The US anti-trust laws aren't all that they seem either. In fact being a monopoly, a trust, is not an offence. Acting to defend a monopoly is, which is why the trial degenerated into a slanging match of who shafted whom and how hard. Microsoft, to their embarrassment, certainly appears to have won that one!

So, what to do about Bill? The worst that can happen is that Microsoft could be broken up into 'Baby Bills'. This is a reference to when the US telephone company, AT&T, (formerly the Bell Telephone Company, known as 'Ma Bell') was broken up into 'Baby Bells' in the 1980s. The Economist magazine (13 November) comments, "Past fragmentations have often reinvigorated large firms (not that Microsoft lacks vigour). In the ten years after the divestiture of Standard Oil in 1911, for example, the trust's constituent companies quintupled in value". Microsoft's 30,000 stock-wielding employees in 60 countries will no doubt bear this in mind and it is probably why, after such a devastating indictment, Microsoft shares, after falling slightly, quickly recovered.

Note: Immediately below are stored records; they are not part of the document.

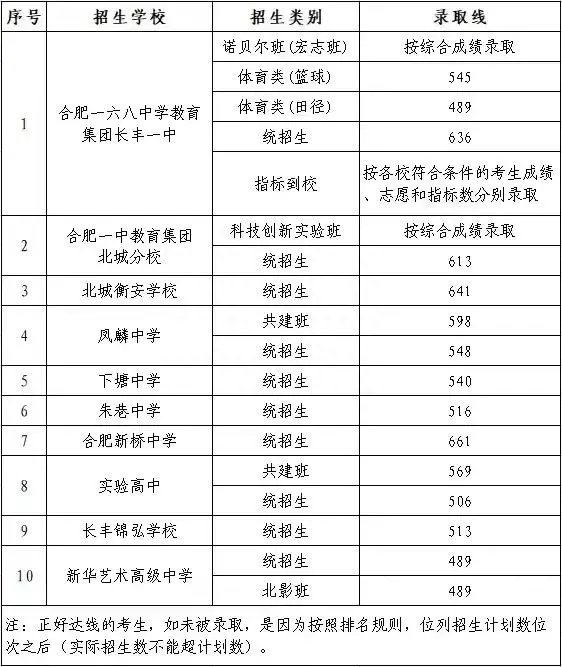 合肥私立幼儿园排名_美国私立寄宿高中排名_合肥私立高中排名前十名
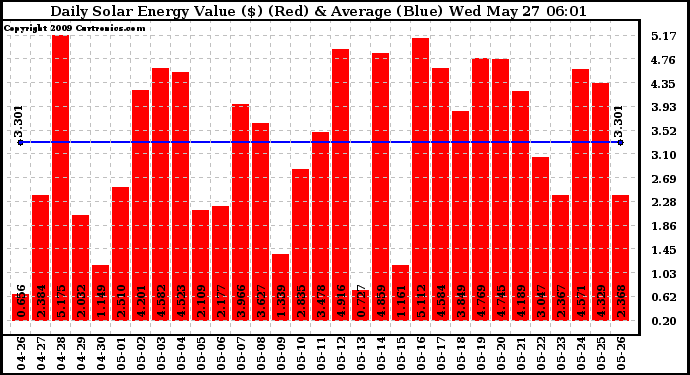 Solar PV/Inverter Performance Daily Solar Energy Production Value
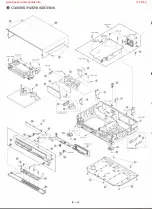 Предварительный просмотр 54 страницы Panasonic NV-F55EG Service Manual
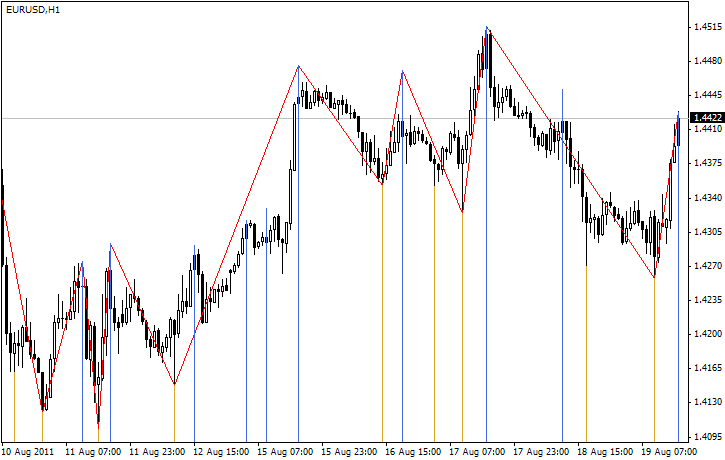 Post ZigZag Indicator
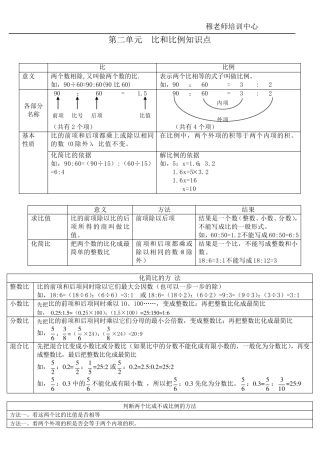 六年级数学下册第二单元比例知识点和习题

Outside of the computer software industry there is not so much rejoicing at the prospect of Microsoft's monopoly of operating systems being broken up. The Windows operating system is terrible (it is difficult to set up and maintain) and is universally hated (a new version will be along soon) but it is a standard and big business, internationally, are heavily committed to it. The prospect of having two, three or more operating systems that may or may not work as well - let alone work together - is a nightmare that big business dreads. Capitalism has found joined-up computers horrendously complicated and massively expensive to support and maintain, and near impossible to just keep up with the tidal wave of acronyms. It is even possible that no one person understands how the Windows operating system works because of the size of the code - tens of millions of lines.

 

Within the industry other monopolies or near monopolies exist. For example Cisco and it's arcane world of routers, bridges and switches. They will be studying the small print very carefully indeed. Perhaps this is why they have decided to launch a TV advertising campaign with a young girl asking 'Are you ready?' - meaning are you ready for the Internet. This is because the Internet is forecast to solve many if not all of these problems, reverting to the old mainframe model with cheap semi-dumb terminals (thin clients) on the end of, or close to, telephone lines. The importance of the operating system would be diminished, undermining Microsoft's dominance. Few believe this will happen soon, however, if it happens at all.

Microsoft's monopoly does begin to reveal, however, albeit in a distorted fashion, how the industry could be organised. Part of its annual $3bn research and development budget is used for extensive market testing, asking software users their opinions and more or less successfully (usually less) incorporating them. It is an attempt at planning that is, however, always smashed on the rocks of profitability. Microsoft is forced to consume or annihilate anything that gets in the way, regardless of what it may claim it wants to do. It has acquired 13 companies since the case was filed, and made substantial investments in 30 more.

Computers have an important role to play in developing society. In industry, education, and culture, the pundits never tire of extolling their virtues. Privately-owned monopolies, however, are solely responsible for the mess they have created and are incapable of exploiting the possibilities so tantalisingly on offer.

 

Whatever the outcome of this anti-trust trial, as Gregory Palast noted in The Observer, 'the Microsoft economy has automated the largest upward transfer of wealth in American history' and that 'the fruits of rising technological productivity will continue to shift from workers to owners'. But we would emphatically disagree with his conclusion that, with 'the road to the future now clear' the only option is to 'just move along, get out of the way - or get run over'. The road to the future is indeed clear; we will move along but someone else will have to get out of the way - or be smashed. Are you ready?